The attorney whose practice centers on real estate transactions, closings, leases, financing, title issues, and property disputes at the start of a real-estate-focused legal career. Working under senior real-estate counsel on residential or commercial matters.
Most days tend to involve drafting purchase agreements, reviewing title and survey, preparing closing documents, and handling lease or financing matters under senior supervision. You'll often handle residential closings or commercial-lease reviews in the morning, draft deeds and mortgages through the afternoon, and coordinate with title companies, lenders, brokers, and opposing counsel as deals move.
The hardest parts tend to be the deadline density of closings and the cyclical sensitivity of real-estate work. Market downturns can shrink transactional volume meaningfully, and deal flow ties closely to interest-rate cycles. Practice settings vary — large firms handle major commercial deals with sophisticated borrowers; small firms often run residential and small-commercial work with closer client contact; in-house real-estate counsel for developers or REITs offer a different rhythm.
People who tend to thrive here are precise with documents, calm under closing pressure, and comfortable with detail-heavy transactional work.
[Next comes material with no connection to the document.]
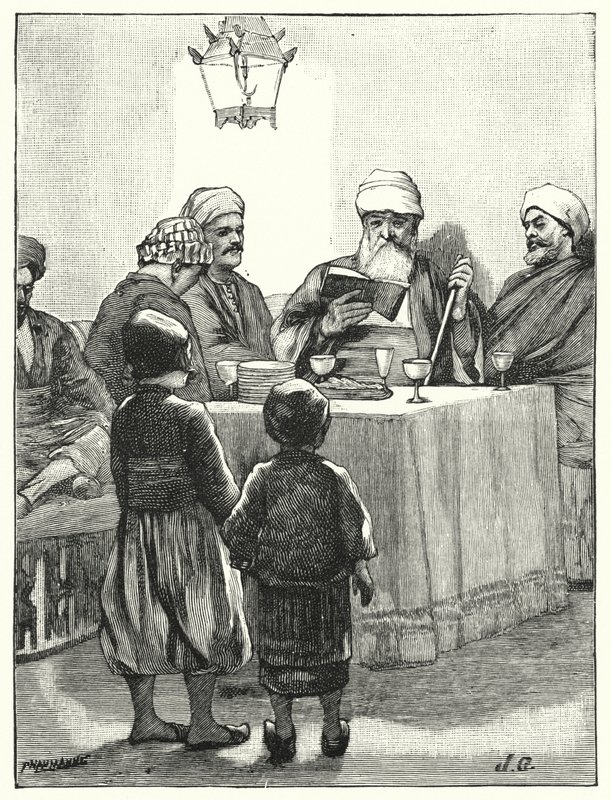 Una pascua moderna de judíos de Henry Andrew Harper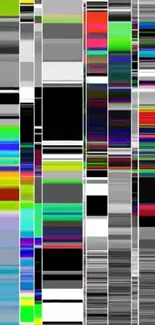 Vibrant abstract striped digital wallpaper pattern.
If you want courtroom presence or adversarial practice, transactional real estate can feel quiet. If you find satisfaction in getting complex deals to close cleanly, the practice can be both lucrative and durably in demand.
Where this role sits in the broader career landscape — and where it can take you.
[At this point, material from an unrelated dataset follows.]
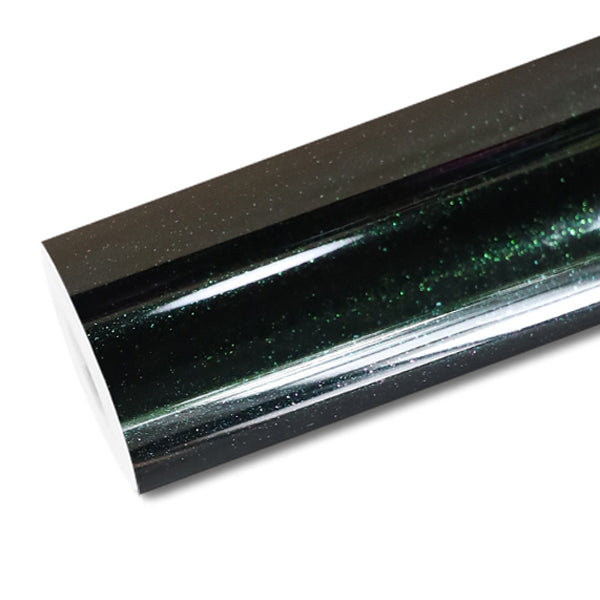 Mallcas™ Glossy Metallic Emerald Green Vinyl Wrap (PET Liner)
Roles like this one sit within a broader occupational category. The numbers below reflect that full landscape — helpful for context, but your specific experience will depend on level, specialty, and where you work.
The attorney whose practice centers on real estate transactions, closings, leases, financing, title issues, and property disputes at the start of a real-estate-focused legal career. Working under senior real-estate counsel on residential or commercial matters.
Median pay for a Junior Real Estate Attorney is about $151K nationally, with the field ranging roughly from $73K to $208K depending on experience, employer, and metro (BLS).
Core skills for this role include Speaking, Critical Thinking, Active Listening, Reading Comprehension, and Writing.
Most people in this role hold a professional degree.
Employment in this field is projected to grow about 4.1% through 2034, with roughly 747,750 people working in it today (BLS).
Closely related roles include Real Estate Attorney, Lawyer, and Counsel.
Truest gives you tools to understand your strengths, explore roles that fit, and plan your next move.